*Source material*
● ● ● ● ●
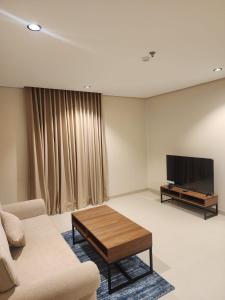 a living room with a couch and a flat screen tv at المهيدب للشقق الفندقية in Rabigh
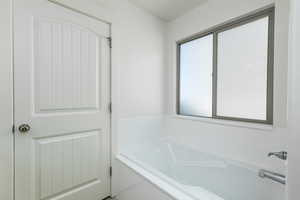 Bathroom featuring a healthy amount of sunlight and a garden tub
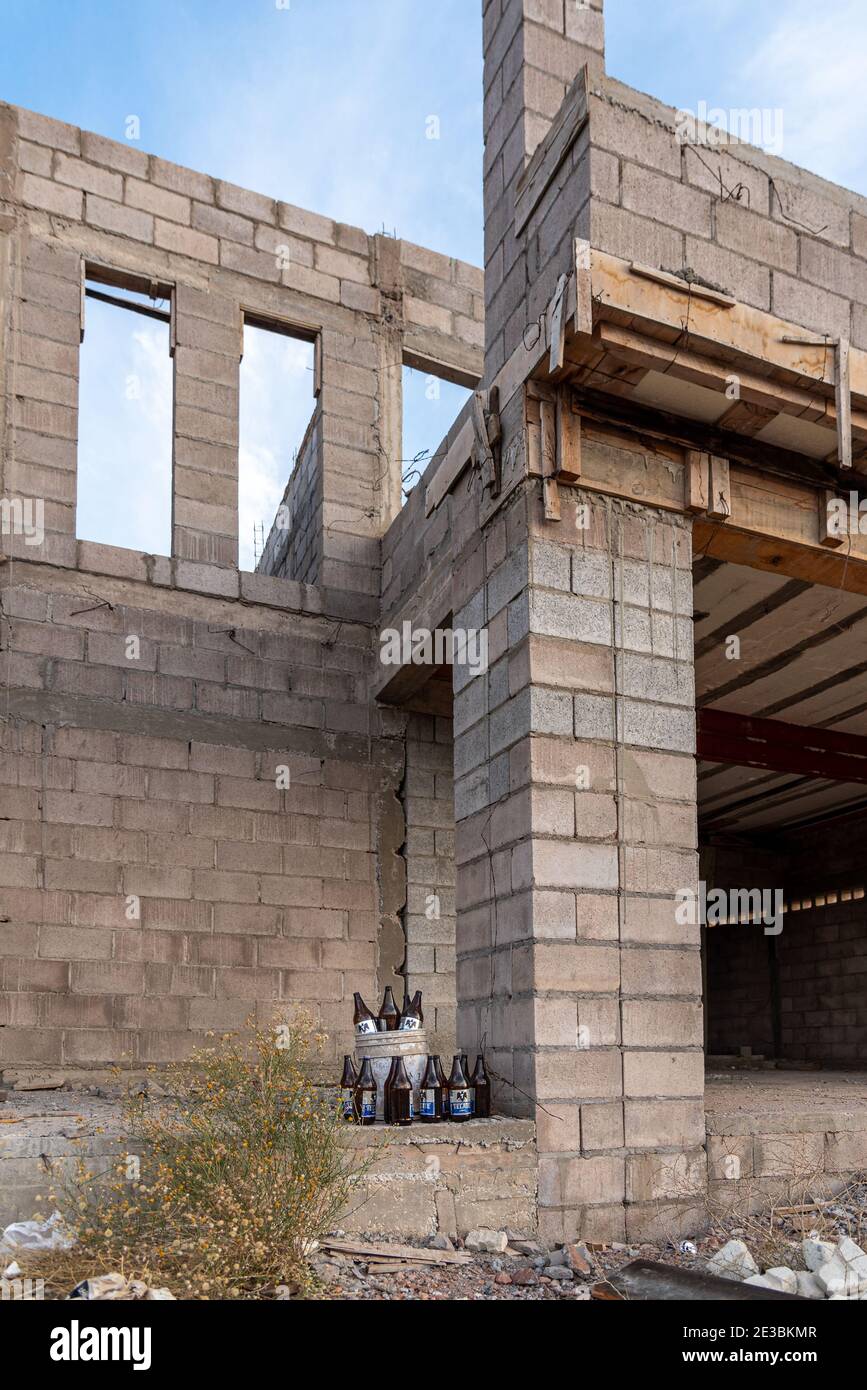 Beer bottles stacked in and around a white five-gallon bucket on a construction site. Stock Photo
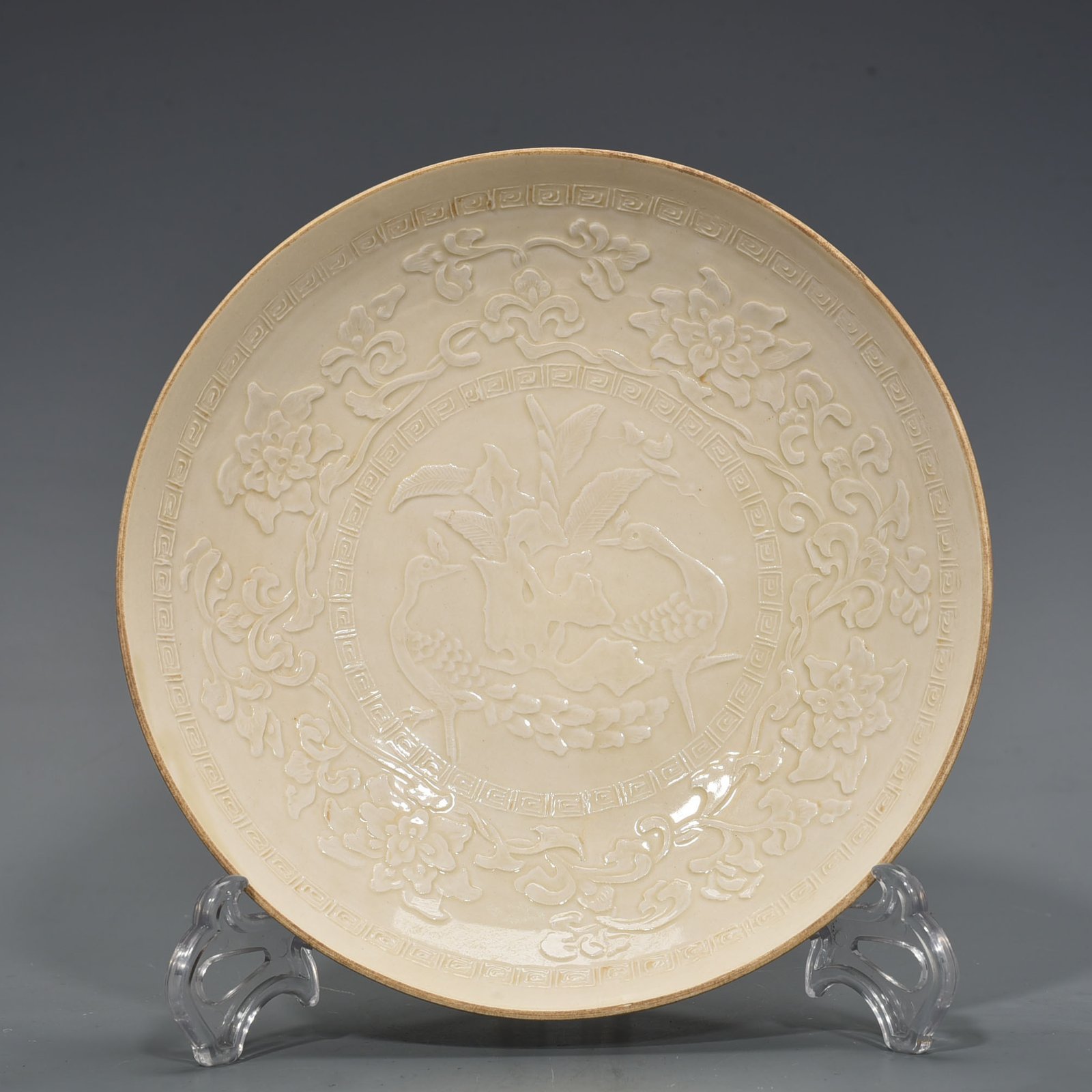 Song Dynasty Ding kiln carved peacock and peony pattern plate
● ● ● ● ●
Every line from the one bearing "Beer bottles stacked" through the end of the data above must be output exactly, and no picture may appear.

 Beer bottles stacked in and around a white five-gallon bucket on a construction site. Stock Photo
 Song Dynasty Ding kiln carved peacock and peony pattern plate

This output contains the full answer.